The years passed on, and at last there came a time when the voice which shouted 'Vive Bourgoyne!' in Liége was silent, the sword fallen from the hand which had waved it as a signal for the massacre, and the proud head of the conqueror brought very low. On Tuesday, January 7, 1477, two days after the fight at Nancy, in which Duke René of Lorraine had defeated the Burgundian army, a young page, Jean Baptiste Colonna, son of a noble Roman house, was guiding a party who were searching for the body of Charles the Bold to where he thought he had seen his master fall during the battle. Not far from the town, near the chapel of St. Jean de l'Atre, they found a heap of dead men lying naked among snow and ice and frozen blood in the bed of a small stream. One of the searchers, a poor washerwoman who had served in the Duke's household, saw a ring which she recognized on a finger of one of the corpses, and exclaimed: 'Ah! Mon Prince!' When they raised the head from the ice to which it was frozen the skin of one cheek peeled off. Wolves or dogs had been gnawing the other. A stroke from some battle-axe had split the head down to the chin. But when the blood had been washed from the disfigured face it was known, beyond all doubt, for that of Charles the Bold.

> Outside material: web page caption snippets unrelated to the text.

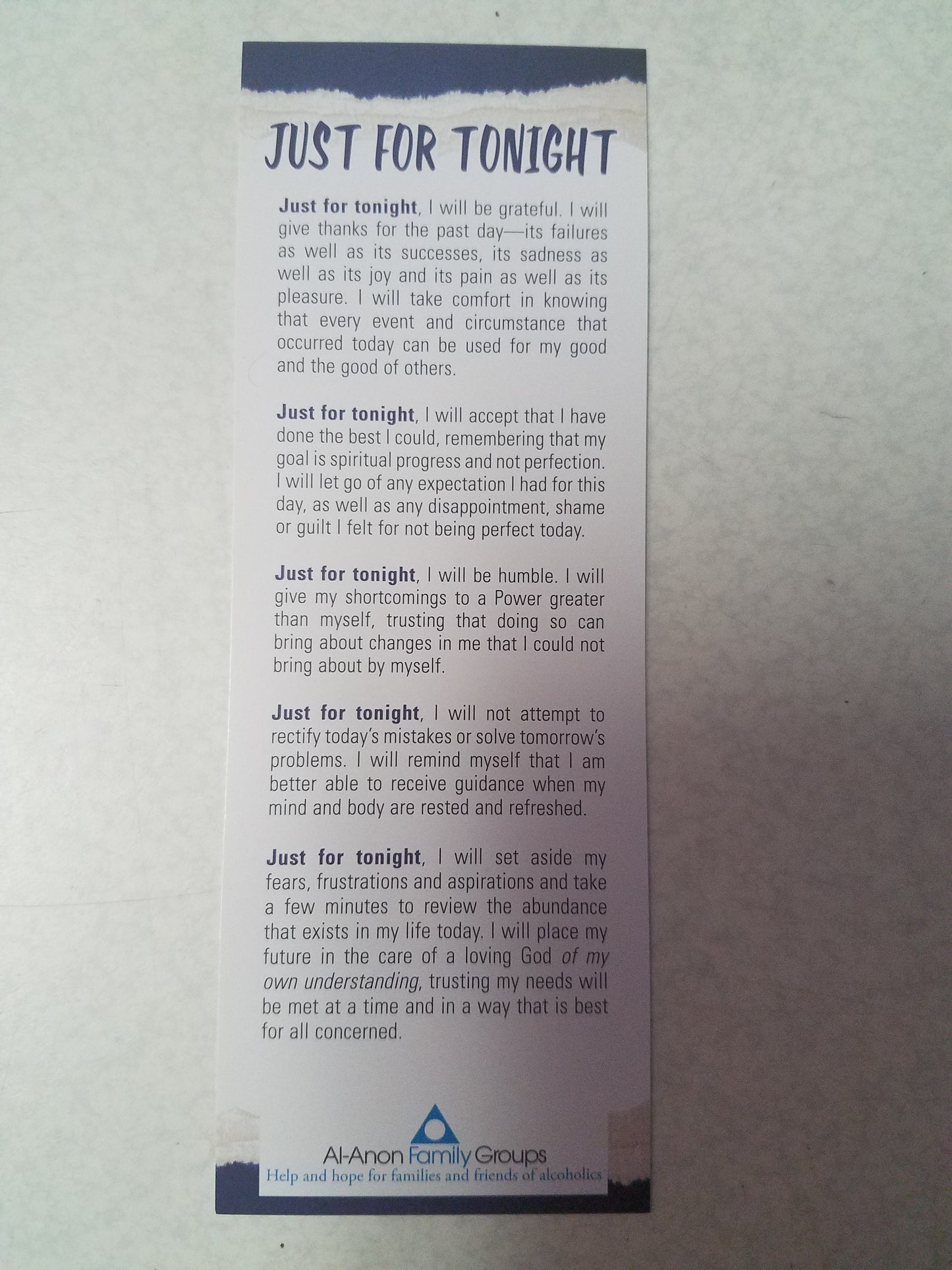 Just for Tonight, bookmarker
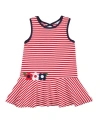 Florence Eiseman Stripe Knit Dress With Flowers In Red/white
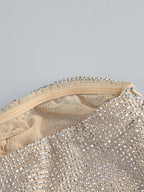 off-shoulder crystal-embellished mini dress in silver Flowering Girl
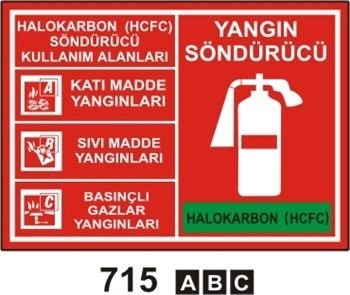 Halokarbon( HCFC ) Söndürücü Kullanma Alanları 35x50 cm Sticker Etiket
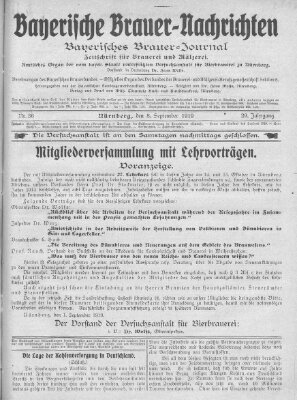 Bayerische Brauer-Nachrichten (Bayerisches Brauer-Journal) Montag 8. September 1919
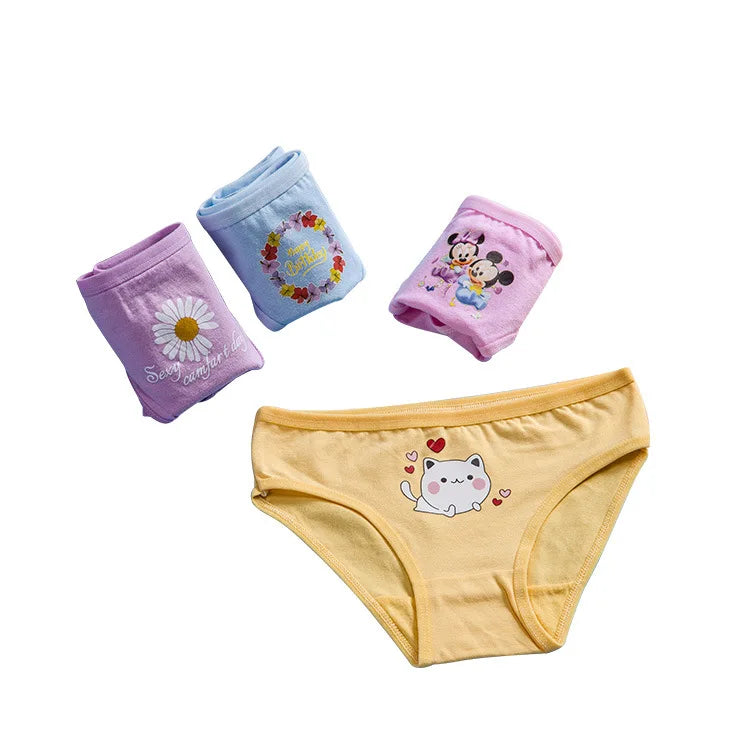 Lot 4 Culottes Fille Cartoon - Boxers Coton Imprimés Mignons 2-10 Ans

They buried him before the altar of St. Sebastian in the Church of St. George at Nancy, where the body of the great warrior remained till 1550. when, in the reign of Charles V., it was carried into Flanders, and laid beside that of his daughter Marie in the choir of Notre Dame at Bruges.


CHAPTER XXII
THE WILD BOAR OF ARDENNES

Though the churches and the houses of the clergy had been left standing, in accordance with the orders given by Charles the Bold in 1468, the town of Liége was ruined. After a time, however, those who had escaped with their lives began to return, and by degrees a new Liége arose. The Principality also recovered to some extent; but its prestige was so much diminished in the eyes of Europe that an alliance with the bishops was no longer, as of old, an object of ambition to other states.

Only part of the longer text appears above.